Using the equations above, we solve for the oxidation states of iron in magnetite and hematite: For magnetite (Fe3O4): \(3n + 4(-2) = 0 \Rightarrow 3n - 8 = 0 \Rightarrow n = \frac{8}{3}\). For hematite (Fe2O3): \(2n + 3(-2) = 0 \Rightarrow 2n - 6 = 0 \Rightarrow n = 3\). The oxidation states of iron in magnetite and hematite are \(\frac{8}{3}\) (approximately 2 and 3) and 3, respectively.

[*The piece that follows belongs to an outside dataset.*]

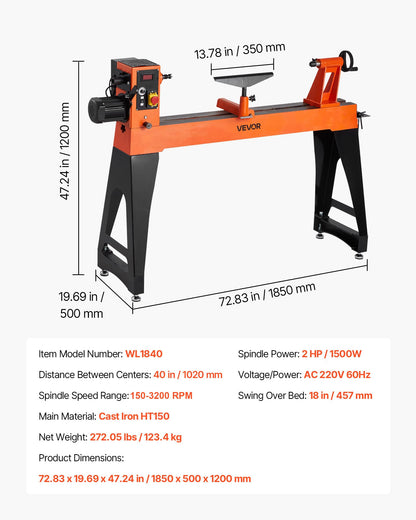 VEVOR 2 HP Wood Lathe, 18 x 40 Inches, 150–3200 RPM Variable Speed, Brushless DC Motor, Cast Iron Body, Tool Rest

Ferrimagnetic materials exhibit magnetic properties in which the magnetic moments of atoms or ions on different sublattices are aligned in opposite directions and their magnitudes are unequal. Antiferromagnetic materials have magnetic moments that are aligned oppositely but are equal in magnitude, resulting in a net magnetic moment of zero. Magnetite, with the mixed oxidation states of approximately 2 and 3, is more likely to be ferrimagnetic. This is because the difference in the oxidation states results in unequal magnetic moments, leading to a net magnetic moment in magnetite. Hematite, with the same oxidation state of iron (3) across its lattice, is more likely to be antiferromagnetic due to the equal magnetic moments leading to a net magnetic moment of zero.

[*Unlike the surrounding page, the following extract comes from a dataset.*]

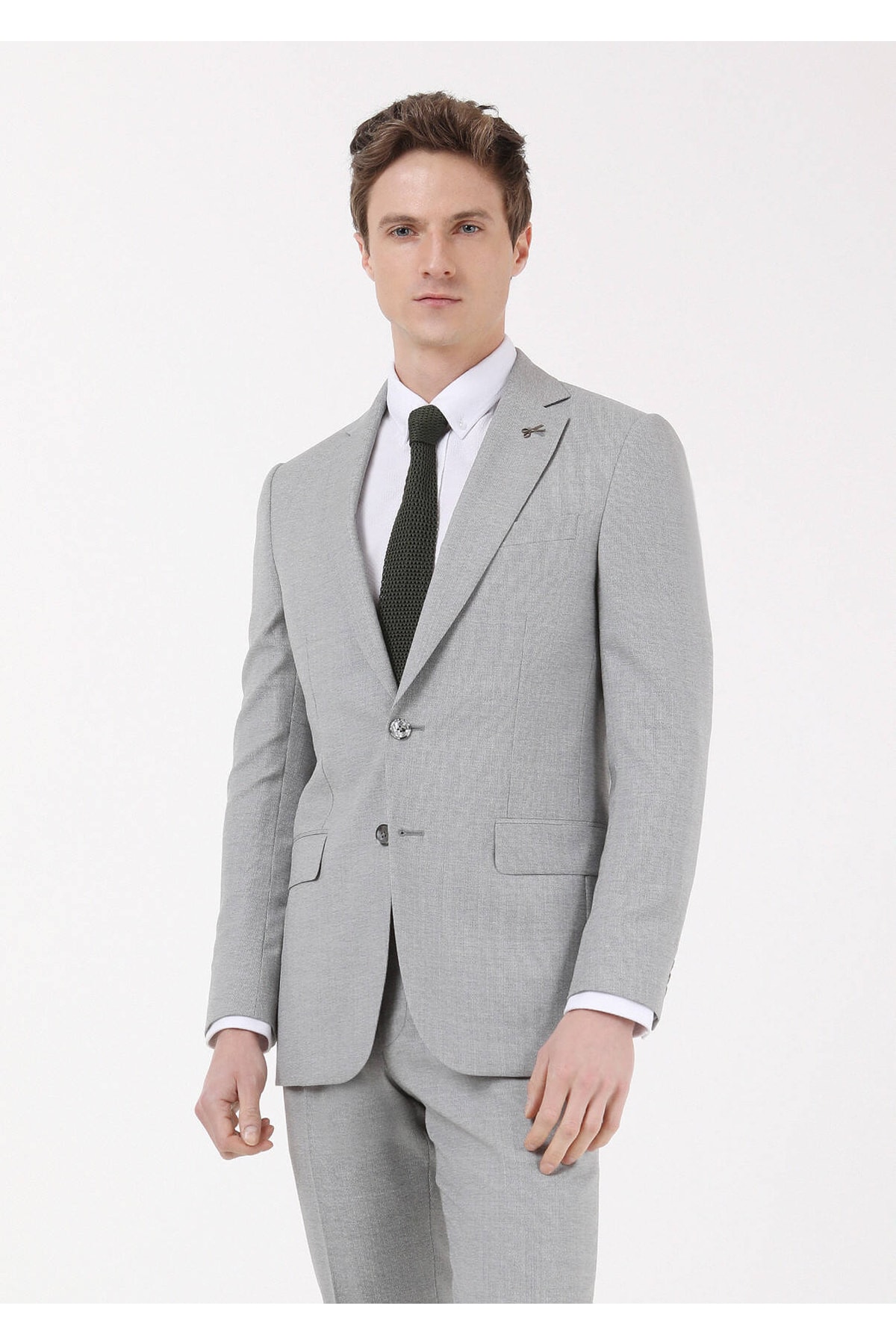 Ramsey Gri Mikro Thin&taller-slim Fit %100 Yün Takım Elbise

Since magnetite is ferrimagnetic and hematite is antiferromagnetic, it is possible to use magnetic fields for their separation. The magnetite with its net magnetic moment will be attracted or repelled by magnetic fields, whereas the hematite with its net magnetic moment of zero will not respond to magnetic fields significantly. Thus, the difference in the magnetic properties of these iron oxides can be exploited to separate them by applying magnetic fields. To summarize: (a) Magnetite (Fe3O4) is more likely to be ferrimagnetic due to its mixed oxidation states of iron, resulting in unequal magnetic moments. (b) Yes, it is possible to use magnetic fields to separate magnetite and hematite due to their differing magnetic properties.